Una pila de maletas y una montaña creciente de honorarios legales. Estaba sentada en mi cocina —miCocinaChicago—, el pequeño apartamento que había comprado en secreto meses antes como mi "refugio" mientras Arthur se ocupaba del desalojo en Nueva York. Miraba fijamente el saldo cero en la pantalla de mi computadora.
Sonreí.
¿Por qué? Porque mientras ellos entraban en pánico pensando en cómo devolver el dinero ya gastado en boletos no reembolsables y maletas de diseñador, yo sabía la verdad. El fideicomiso ya había recibido el reembolso a través de la póliza de seguro que había contratado años atrás contra robo y fraude. Mi "saldo cero" era solo una ilusión temporal, una sombra digital diseñada para asustarlos.
Tenía mi hogar. Tenía mi dignidad. Y, lo más importante, tenía mi paz. Han pasado seis meses desde aquella mañana. La casa en Maple Avenue ahora es una propiedad de alquiler, cuyos ingresos van directamente a un fondo universitario para Valerie y Thomas, protegido por el fideicomiso para que sus padres jamás puedan tocar un centavo.
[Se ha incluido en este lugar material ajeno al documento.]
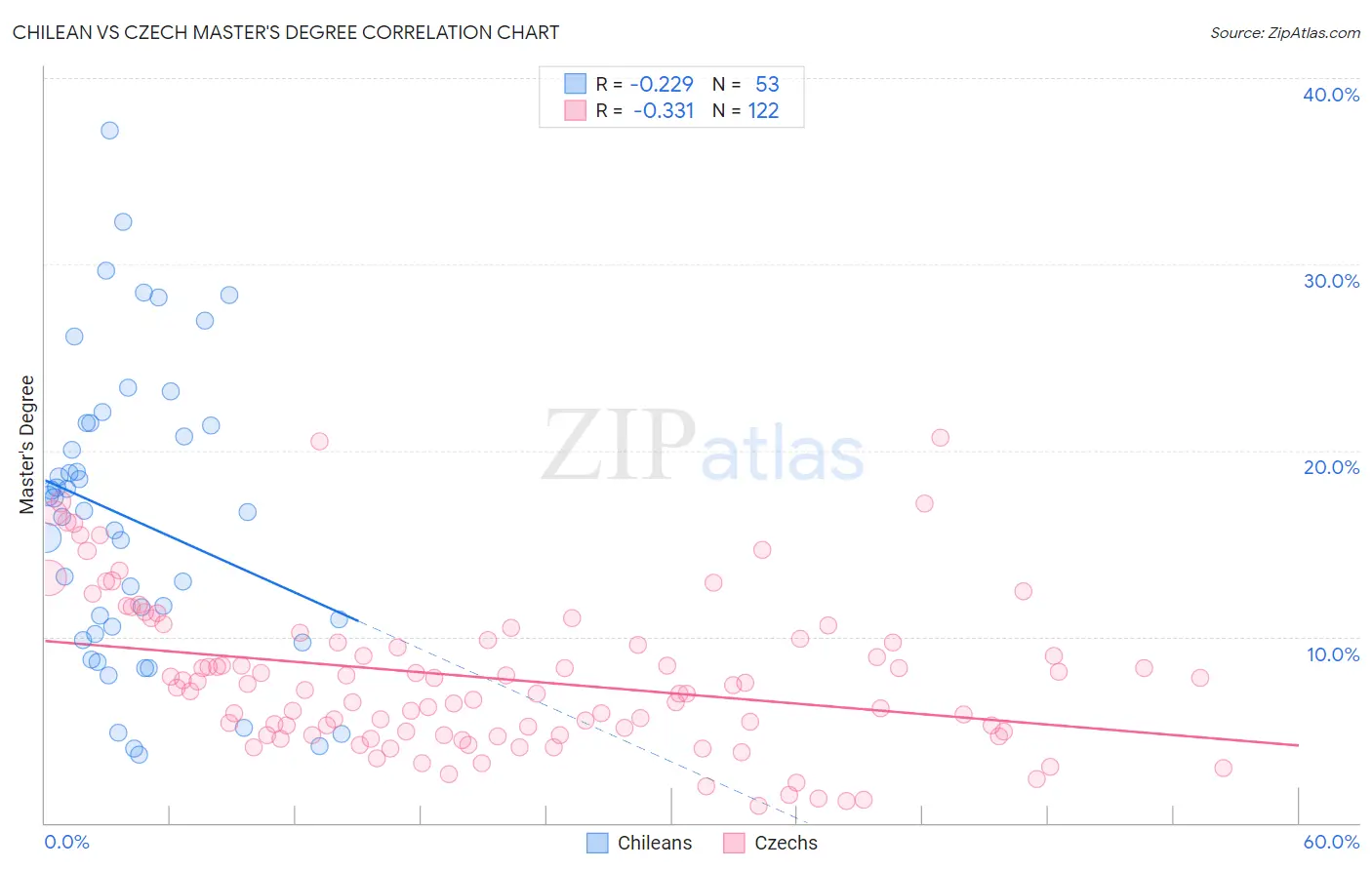 Chilean vs Czech Master's Degree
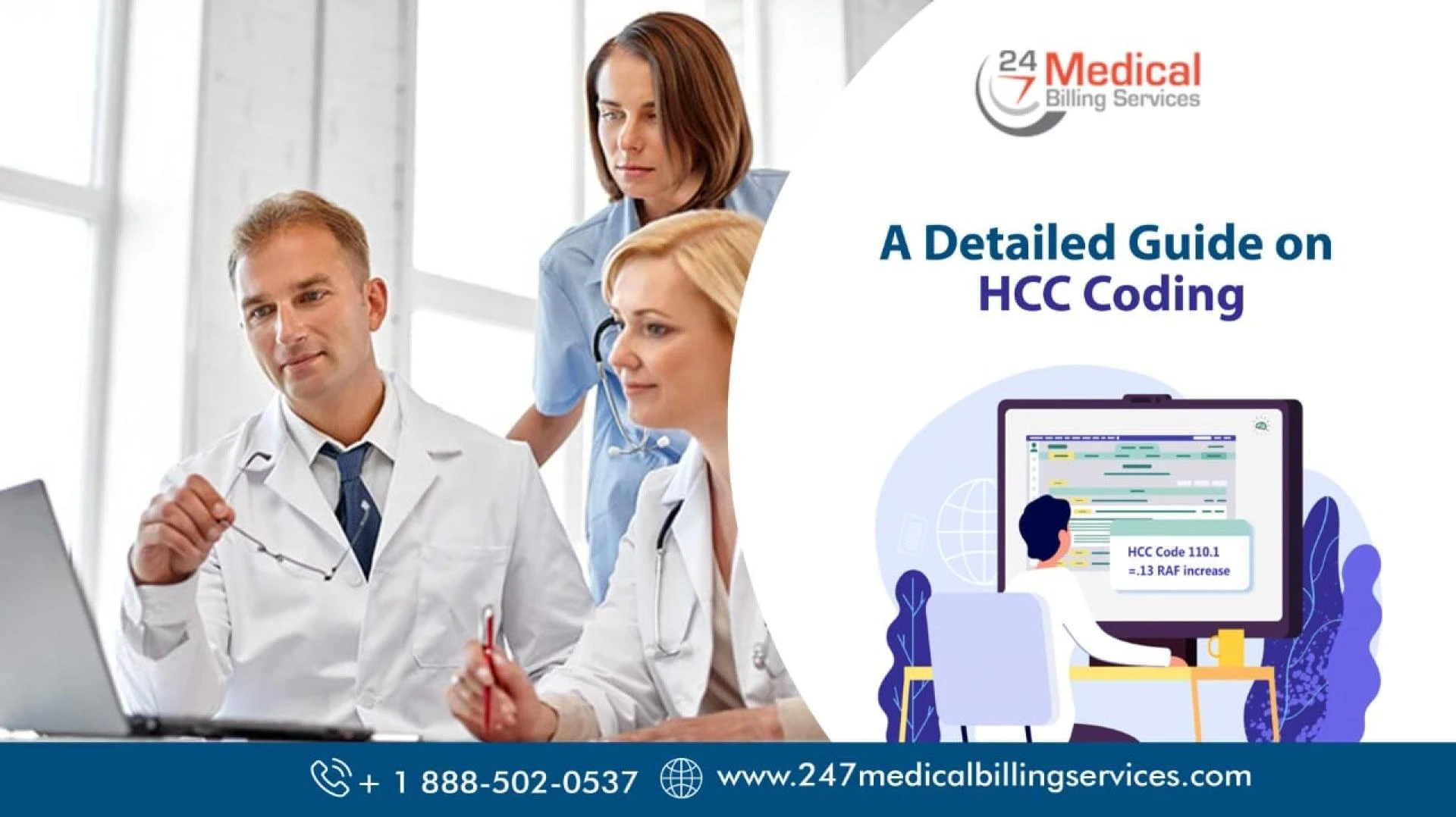 A Detailed Guide On HCC Coding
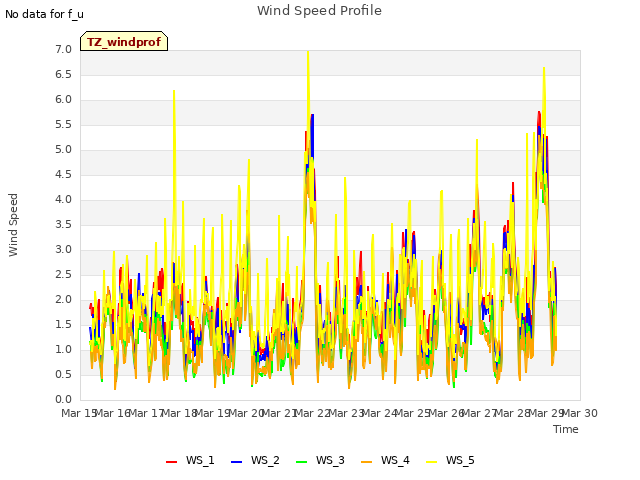 plot of Wind Speed Profile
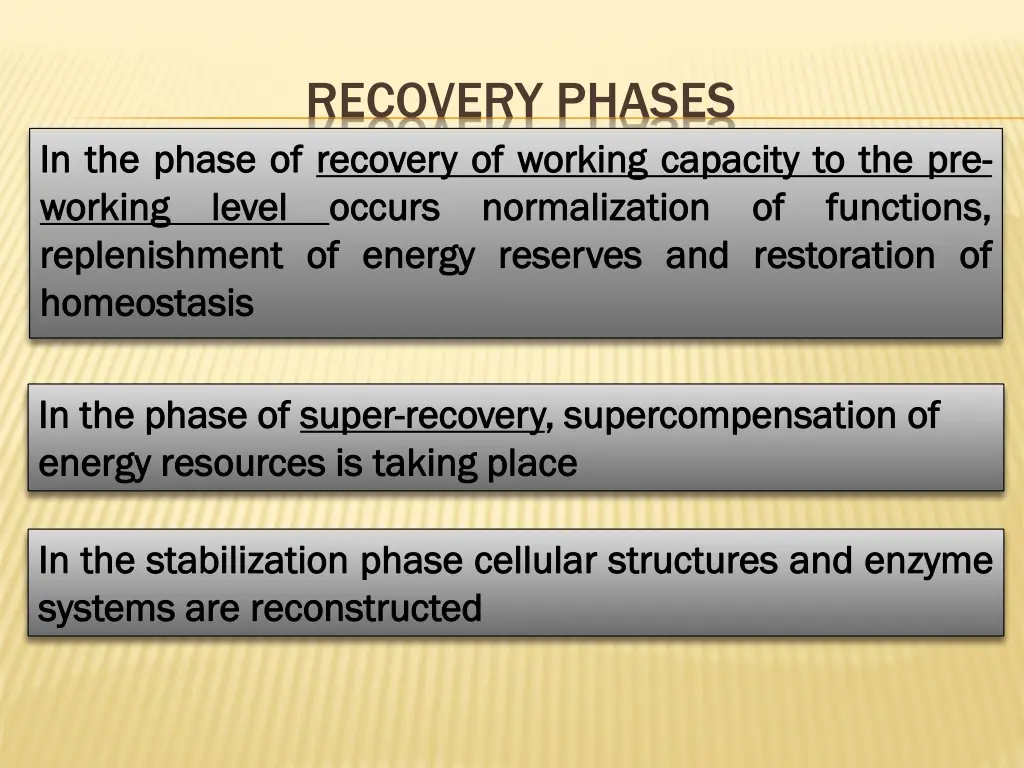 recovery phases phase of of recovery recovery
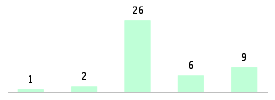 Mixed chart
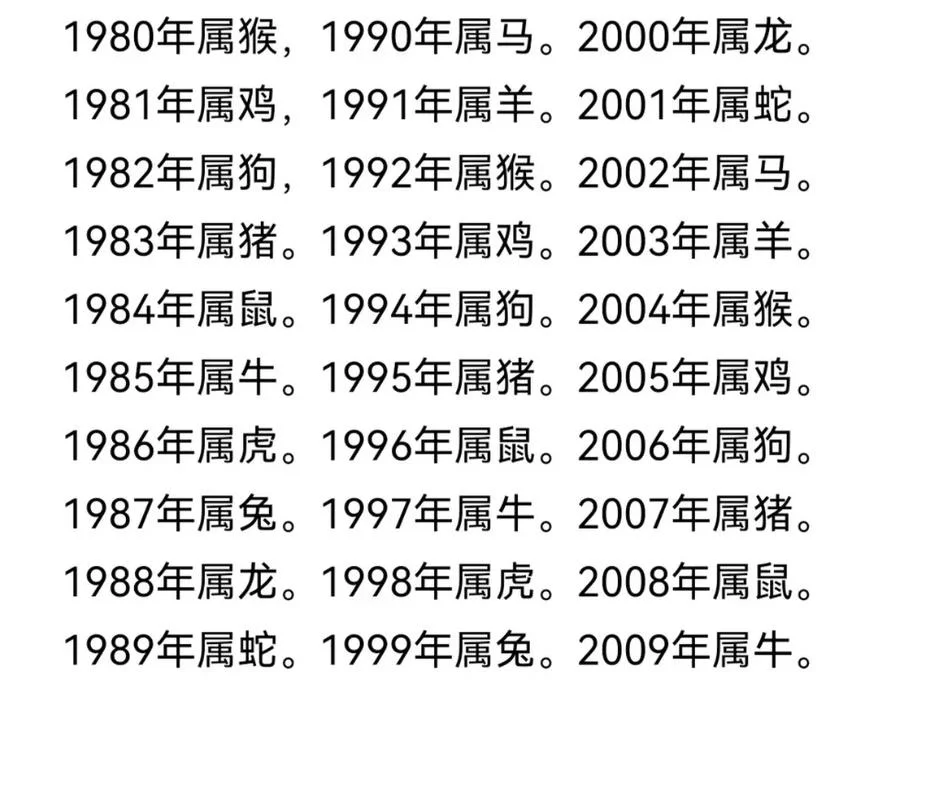 84年属什么生肖属相_1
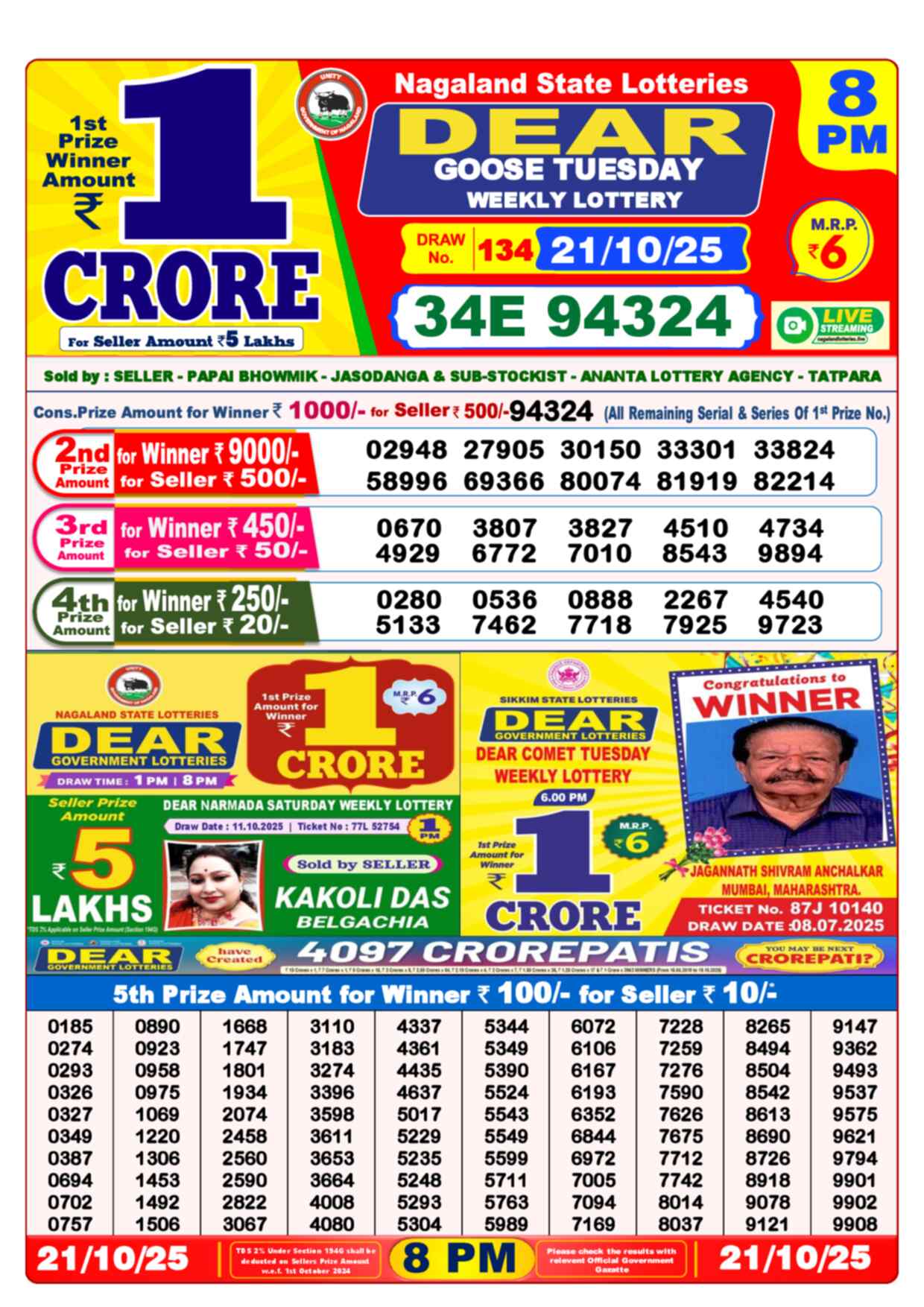 Nagaland State Lottery Result 8 PM 21.10.2025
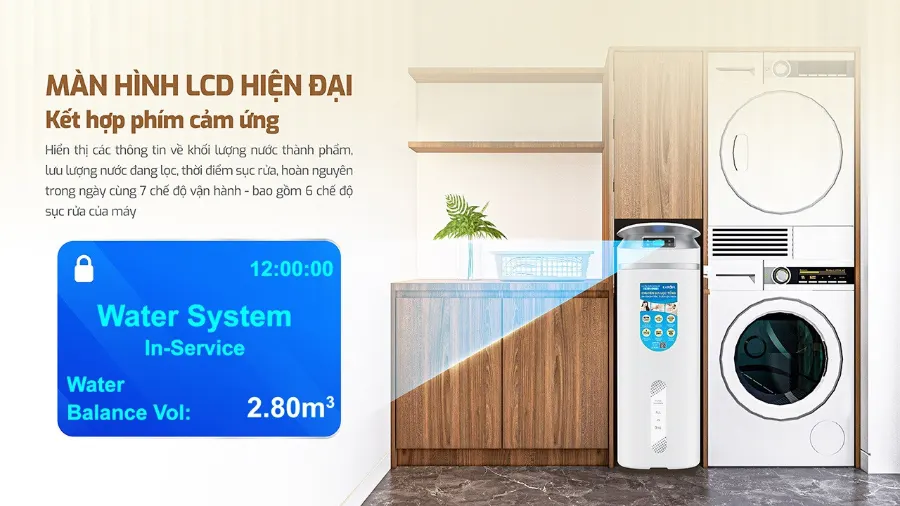 Màn hình lcd hiện đại - Lọc tổng Karofi KTF-P02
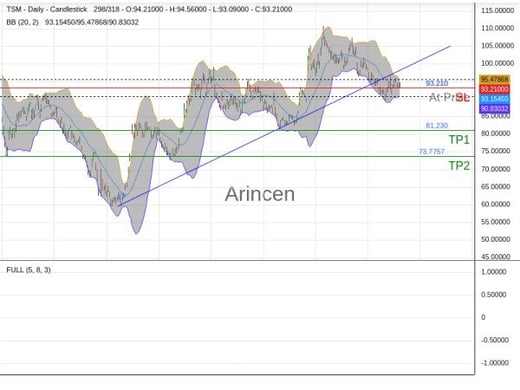 TSM@93.21 Chart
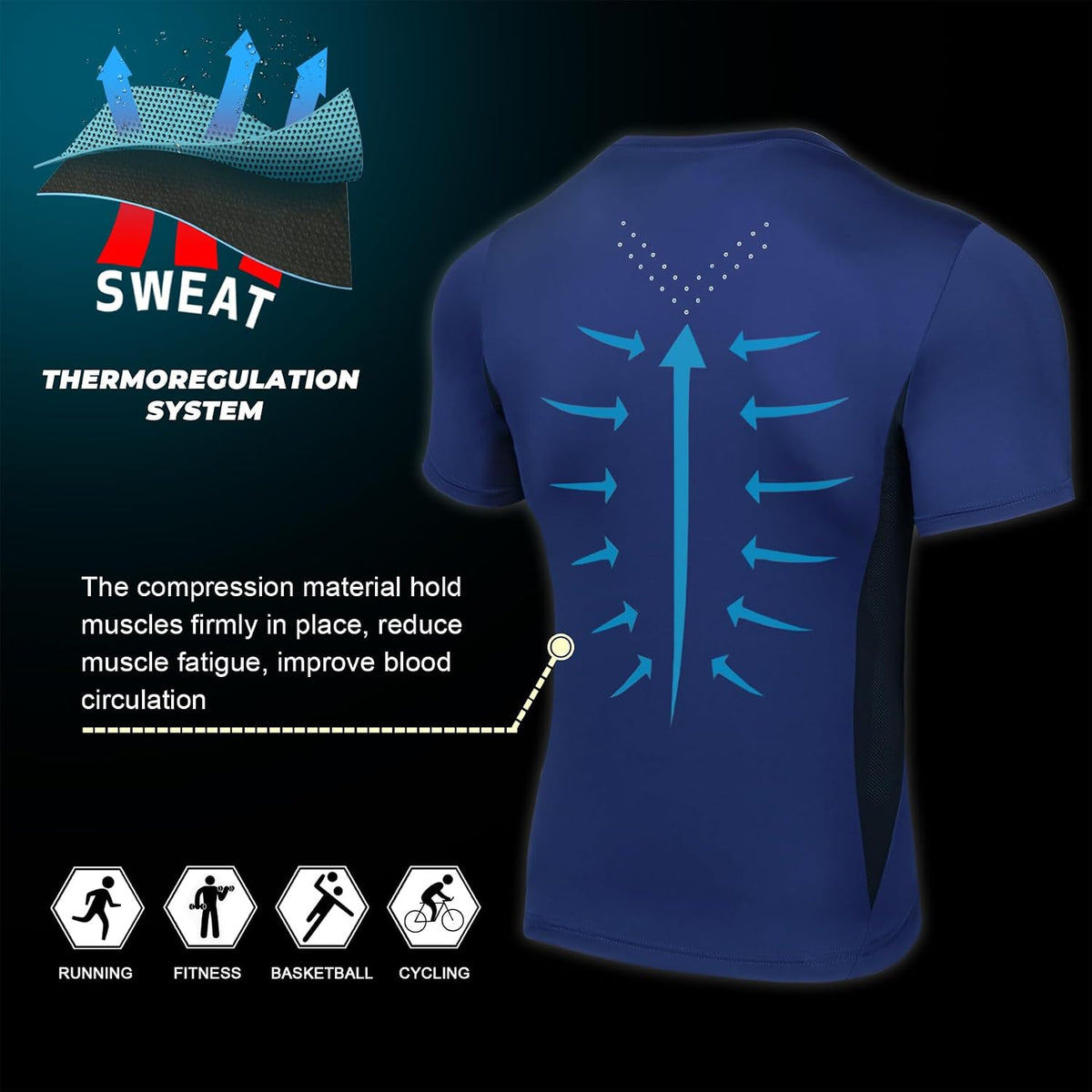 AMZSPORT Men's Short Sleeve Compression Shirt, Cool Dry Running Top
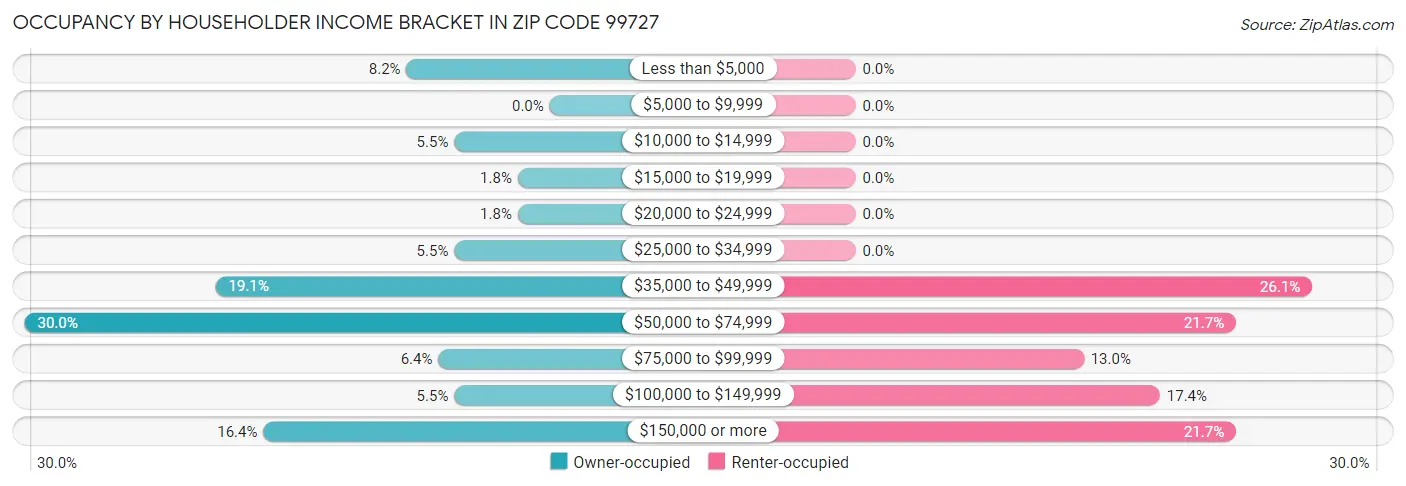 Occupancy by Householder Income Bracket in Zip Code 99727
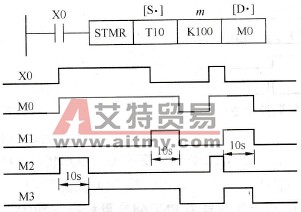 三菱FX系列PLC的特殊定时器指令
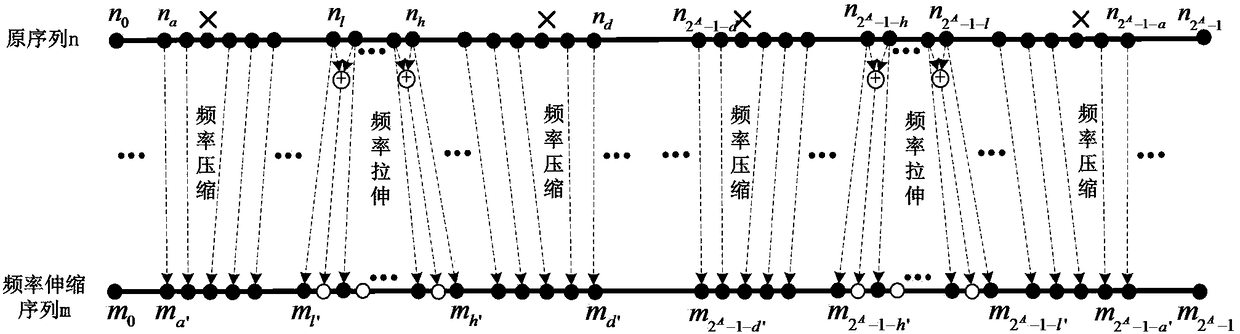 A method for enhancing the frequency resolution of digital hearing aids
Ahora vivo en mi apartamento de Chicago, con vistas al lago. Las paredes están pintadas de un suave y cálido color melocotón. Hay fotos de mi marido por todas partes. Tengo una vajilla nueva, no tan antigua como la de flores de cerezo, pero hermosa a su manera.
A veces, a altas horas de la noche, pienso en Rodrigo. Me pregunto si estará sentado en un apartamento a oscuras, dándose cuenta por fin de que el «hogar» que intentó robar no estaba hecho de madera y ladrillo. Estaba hecho del mismo amor que eligió quemar.
De vez en cuando me llama, con la voz débil y derrotada. No siempre contesto. No porque sea cruel, sino porque por fin estoy aprendiendo la lección más importante de todas:
El amor de una madre es un océano, pero incluso un océano tiene orilla. Y una vez que la cruzas, el agua ya no te arrastra; te deja hundirte.
Tengo sesenta y ocho años y, por primera vez en mi vida, no soy solo una viuda, una madre o una abuela. Soy Nichole Sanders. Y estoy exactamente donde debo estar.